Align your business goals with your social media strategy

It sounds obvious.

But is the tail wagging the dog?

Most firms will have a surfeit of business plans. Some will guide and inform, others will find a place of obscurity.

If you are about to embrace social media as part of your business development process, then it is important that you align your efforts with your business planning.

Social media has the power to change opinion, increase awareness of the firm and develop new strands of work. If you need evidence of this ask to see the results of Google analytics prior to and subsequent to social media integration. Without too much effort, you will begin to see more traffic coming to you via Twitter, Facebook and LinkedIn. Assuming that you have a data capture process for new client instructions, then it will be straightforward enough, without paying for any analytics service, to measure the ROI of your Tweeting etc.

Too many firms decide with irresponsible abandon to open one account after another, and it is clear that they haven’t thought through the raison detre. It is is a case of being seen without seeing the bigger picture.
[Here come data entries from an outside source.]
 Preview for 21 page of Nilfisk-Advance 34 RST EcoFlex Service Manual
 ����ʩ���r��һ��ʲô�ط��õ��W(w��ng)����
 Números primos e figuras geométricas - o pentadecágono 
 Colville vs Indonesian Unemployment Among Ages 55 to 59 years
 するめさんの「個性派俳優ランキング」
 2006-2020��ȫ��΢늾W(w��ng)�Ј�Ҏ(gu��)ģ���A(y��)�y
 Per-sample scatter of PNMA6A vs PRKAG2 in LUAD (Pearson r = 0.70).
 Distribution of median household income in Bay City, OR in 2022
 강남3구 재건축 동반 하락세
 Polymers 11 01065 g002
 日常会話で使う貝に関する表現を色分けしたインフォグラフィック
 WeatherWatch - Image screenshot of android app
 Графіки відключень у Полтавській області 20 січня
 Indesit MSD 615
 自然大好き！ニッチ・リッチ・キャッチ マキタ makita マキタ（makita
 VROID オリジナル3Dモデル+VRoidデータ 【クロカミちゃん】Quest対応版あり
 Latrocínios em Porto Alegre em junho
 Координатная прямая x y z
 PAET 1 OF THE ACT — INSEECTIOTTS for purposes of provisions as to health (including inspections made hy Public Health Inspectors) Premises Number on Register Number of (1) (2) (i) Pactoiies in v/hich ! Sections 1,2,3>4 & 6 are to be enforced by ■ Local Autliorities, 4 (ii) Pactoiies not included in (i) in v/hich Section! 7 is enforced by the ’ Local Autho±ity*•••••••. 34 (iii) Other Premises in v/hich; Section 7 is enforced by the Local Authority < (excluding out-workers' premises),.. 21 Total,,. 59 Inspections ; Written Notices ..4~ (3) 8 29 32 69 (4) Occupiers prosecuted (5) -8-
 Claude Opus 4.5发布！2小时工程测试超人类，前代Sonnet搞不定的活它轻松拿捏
Most business plans will be replete with broad statements like “we want to be the premier firm for private client work”. But how does that translate to the work on the ground? Less still how on earth do you map out a process on Twitter and LinkedIn?

Make sure you pursue a course of action that dovetails with your purpose, mission and goals for the firm.

Summary

Make sure that every meeting agenda includes a line or two devoted to social media.

Embrace the idea of the honeycomb model espoused by Zappos amongst others. You may be in the command and control stage but that doesn’t scale.

If you must have a policy to facilitate engagement then so be it but engagement is key. If people are disinterested then having a policy will make no difference.

Be specific with what you are trying to measure. Does your follower number translate to ROI?

If you have a budget for marketing, how much of that will be transferred to social media? If the answer is a big fat zero, then it doesn’t deserve to succeed. You are fooling yourself.